▶ **MATERIAL PROVIDED**
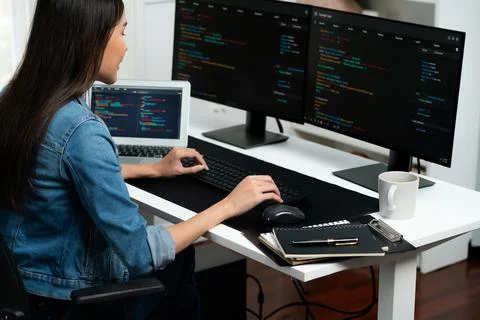 Young Asian in IT creating with typing online information on pc. Stratagem. 스톡 사진
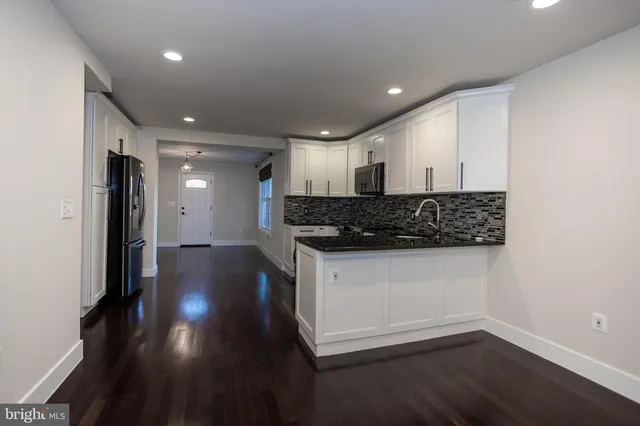 a view of kitchen with stainless steel appliances granite countertop a stove a sink and a refrigerator with wooden floor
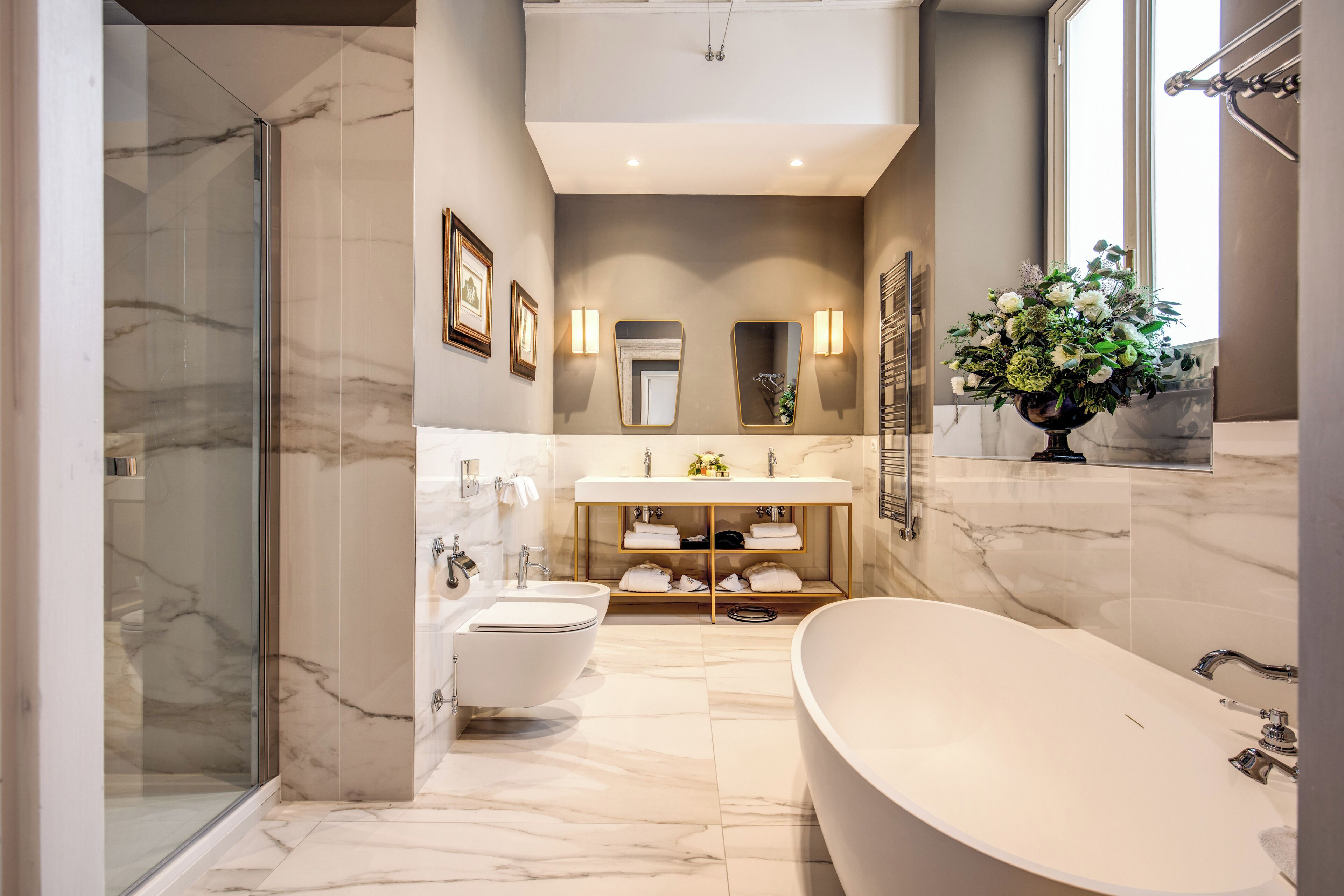 designer toiletries, hair dryer, bathrobes, slippers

▶ **WORK TO BE COMPLETED**
A faithful copy of the data above is wanted, with every image left out.

▶ **ANSWER TO THE PROBLEM**
 Young Asian in IT creating with typing online information on pc. Stratagem. 스톡 사진
 a view of kitchen with stainless steel appliances granite countertop a stove a sink and a refrigerator with wooden floor
 designer toiletries, hair dryer, bathrobes, slippers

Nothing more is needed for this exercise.